Jeff Meldrum, 47, said he was recently going through the sporting equipment in the basement of his Chelsea, Quebec, home as part of his family's preparations for an upcoming move in July when he came across his single size 10D Reebok ice skate.

Meldrum said the last time he saw the right skate was about seven years ago, when he has to leave an ice rink in a hurry when his son, Owen, then 4, fell and injured his chin.

He said he kept the skate in the hopes of finding its twin.

"I couldn't bring myself to throw it away because it was brand new. I'd only used it two or three times," Meldrum told CBC News.

Meldrum said he and Owen, now 11, were driving on a local road June 22 -- the same day he had decided to discard the remaining skate -- and spotted a familiar-looking skate hanging from a signpost at the end of a driveway.

"I said to [Owen] jokingly, 'Hey we should turn around -- maybe that's my skate,'" Meldrum recalled.

He did end up turning around, and to his surprise, it was indeed his long-lost skate.

 

The driveway led up to the home of Elyse Piquette, who had found the skate at the side of the road while walking seven years earlier. Piquette said she suspected someone might be missing the skate, so she took it home and posted an ad in the classified section of a local paper hoping the owner of the lost item might see it.

Piquette said she also posted an ad online, but when there were no responses, the skate ended up forgotten in her garage. She said she put numerous items from the garage at the end of her driveway after a recent cleaning, and the skate was the only object that wasn't quickly taken by passers-by.

"This is pretty lucky how this turned out," Meldrum said.
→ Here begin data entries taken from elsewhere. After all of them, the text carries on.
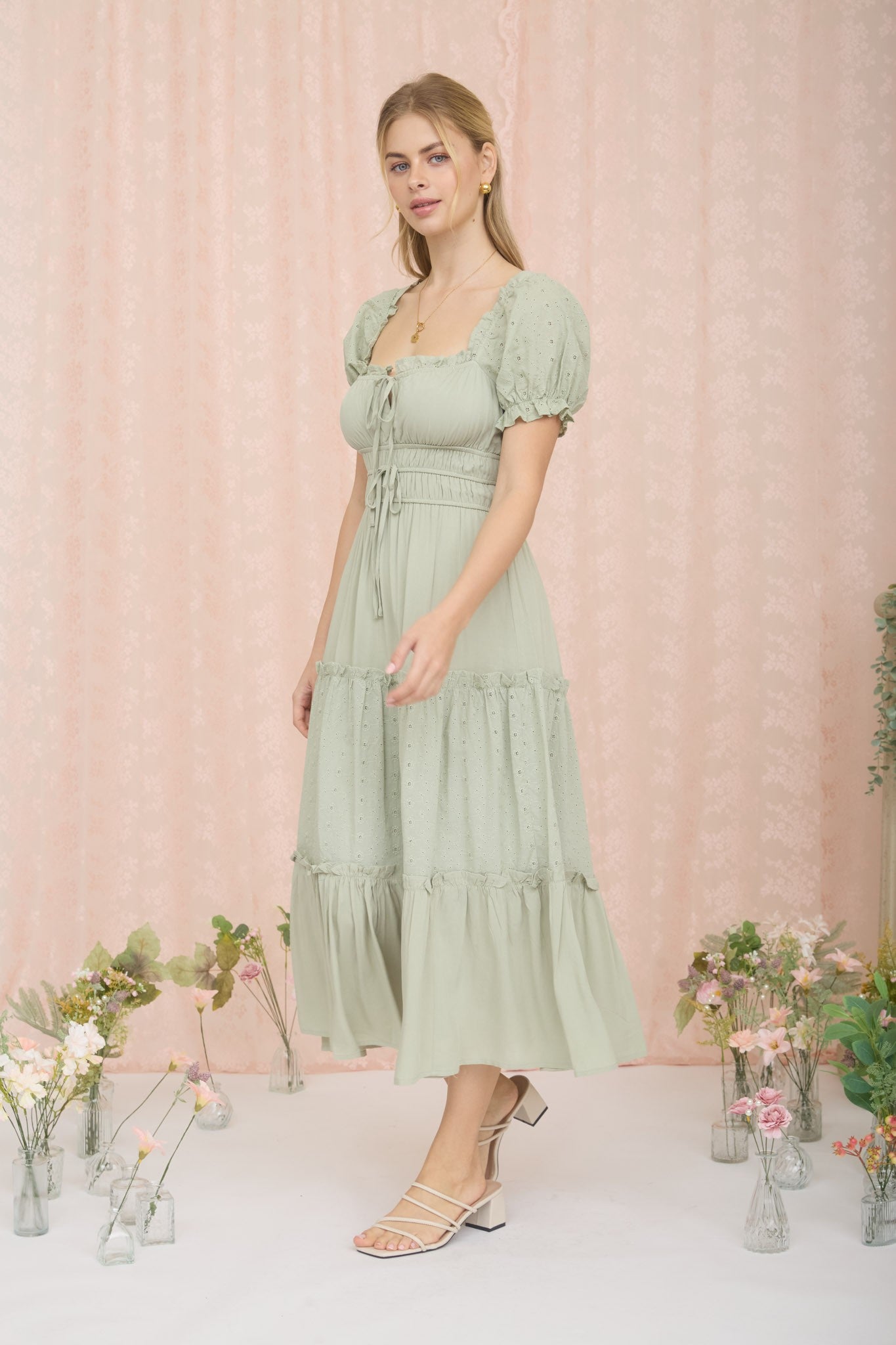 Afton Modest Midi in Light Olive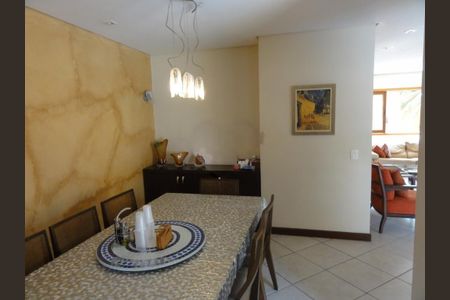 Casa à venda com 3 quartos, 200m² em Jardim São Paulo, São Paulo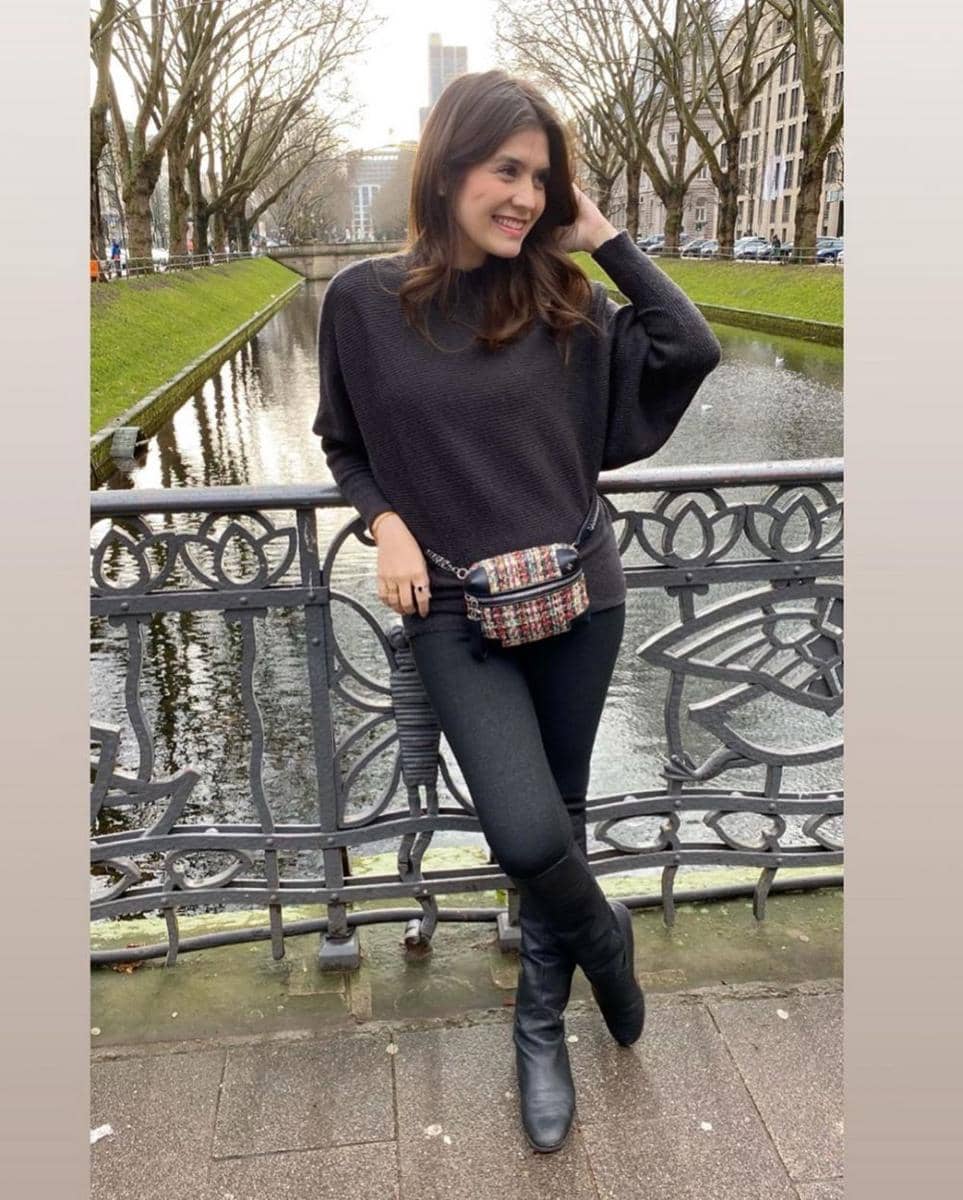 instagram.com/carissa_puteri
I have hope, and when I believe that something will come around, it often does.

He said he is planning to take Piquette a cake in thanks for her part in the skate's safe return.

A Swedish woman made a similar realization about a piece of long-lost property in February 2019. Stella Wedell said she was visiting the Fotografiska gallery in Stockholm when an item in British artist Mandy Barker's Sea of Artifacts exhibition caught her eye.

The item, a cassette mixtape, was one of several found-objects in Barker's exhibition, which dealt with plastic pollution. Wedell said she soon realized the tape was the same one she had lost more than 20 years earlier during a family vacation in Empuriabrava, on the Spanish island of Mallorca.